Dimanche 20 novembre 2016, à 15 h, le musée de la Résistance en Argoat à Saint-Connan recevait Christian Bougeard, professeur d’histoire contemporaine à l’université de Bretagne occidentale (UBO) de Brest, chercheur au Centre de recherche bretonne et celtique (CRBC) pour une conférence sur le thème « De l’Occupation à la Libération en Bretagne ».

A l’ouest, rien de nouveau : le discours est bien rôdé et ne donne aucun signe de renouvellement. De quoi rassurer la quarantaine d’habitués des lieux qui assistaient à ce discours ? Pas si sûr.
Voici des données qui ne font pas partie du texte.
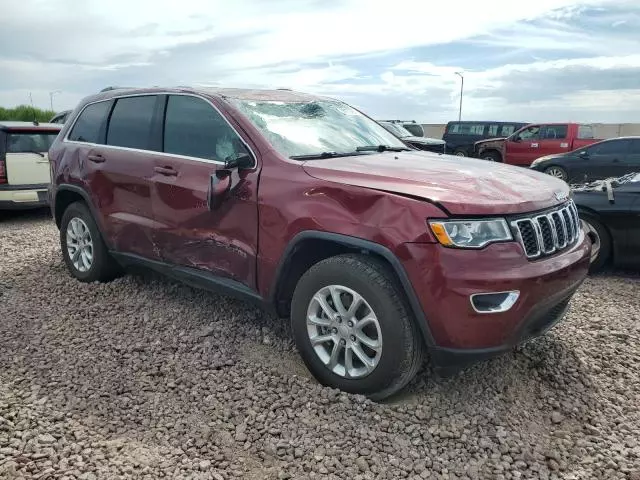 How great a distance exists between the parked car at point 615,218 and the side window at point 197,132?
3528mm

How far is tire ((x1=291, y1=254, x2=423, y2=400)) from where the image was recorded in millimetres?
2852

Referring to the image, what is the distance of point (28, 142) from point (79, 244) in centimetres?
436

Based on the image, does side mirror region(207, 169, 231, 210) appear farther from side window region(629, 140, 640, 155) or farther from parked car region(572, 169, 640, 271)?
side window region(629, 140, 640, 155)

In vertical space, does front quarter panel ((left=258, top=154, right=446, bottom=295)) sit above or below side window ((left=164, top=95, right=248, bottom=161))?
below

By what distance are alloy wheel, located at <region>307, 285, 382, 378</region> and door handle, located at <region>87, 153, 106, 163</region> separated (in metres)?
2.51

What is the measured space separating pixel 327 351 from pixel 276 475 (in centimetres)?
83

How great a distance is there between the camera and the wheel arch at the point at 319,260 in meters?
2.79

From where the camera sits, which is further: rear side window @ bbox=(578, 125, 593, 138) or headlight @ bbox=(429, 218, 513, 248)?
rear side window @ bbox=(578, 125, 593, 138)

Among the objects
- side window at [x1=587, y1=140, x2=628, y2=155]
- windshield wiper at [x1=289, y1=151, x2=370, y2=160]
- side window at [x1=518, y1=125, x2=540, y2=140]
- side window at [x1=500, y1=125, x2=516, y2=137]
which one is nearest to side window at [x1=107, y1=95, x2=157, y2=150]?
windshield wiper at [x1=289, y1=151, x2=370, y2=160]

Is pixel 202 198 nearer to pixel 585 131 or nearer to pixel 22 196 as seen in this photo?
pixel 22 196

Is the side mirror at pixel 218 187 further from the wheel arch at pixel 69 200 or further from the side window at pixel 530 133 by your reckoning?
the side window at pixel 530 133

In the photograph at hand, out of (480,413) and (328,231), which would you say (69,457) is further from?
(480,413)

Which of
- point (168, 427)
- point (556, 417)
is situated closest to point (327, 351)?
point (168, 427)

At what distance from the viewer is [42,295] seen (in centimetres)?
477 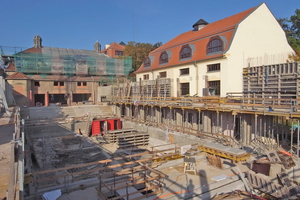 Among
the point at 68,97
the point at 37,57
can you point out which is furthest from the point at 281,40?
the point at 37,57

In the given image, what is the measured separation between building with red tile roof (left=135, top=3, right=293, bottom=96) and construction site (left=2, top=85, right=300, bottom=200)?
8.94ft

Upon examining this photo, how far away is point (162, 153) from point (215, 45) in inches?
502

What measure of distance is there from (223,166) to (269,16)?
61.7 feet

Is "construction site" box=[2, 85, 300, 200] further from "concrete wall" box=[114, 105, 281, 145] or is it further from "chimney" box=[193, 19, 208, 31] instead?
"chimney" box=[193, 19, 208, 31]

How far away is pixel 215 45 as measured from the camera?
22000 mm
Fort de la caution « scientifique » du conférencier, le président de l’ANACR des Côtes d’Armor, Pierre Martin, s’est permis d’insinuer que j’aurais repris les écrits de la revue Historia qui produit, dans son numéro de septembre 2004, un dossier intitulé 1944-1945 – L’épuration, chronique d’une France déchirée. Dans ce dossier, sous la photo de Louis Briand, un résistant pendu à un balcon de la place principale de Rostrenen après avoir été capturé à Lamprat en Plounevezel par une unité allemande se dirigeant vers le front de Normandie le surlendemain du Débarquement, les auteurs attribuent ce crime à « L’Épuration sauvage ». De plus, la revue aurait commis deux fois cette erreur (voir le site de l’ANACR de Lannion).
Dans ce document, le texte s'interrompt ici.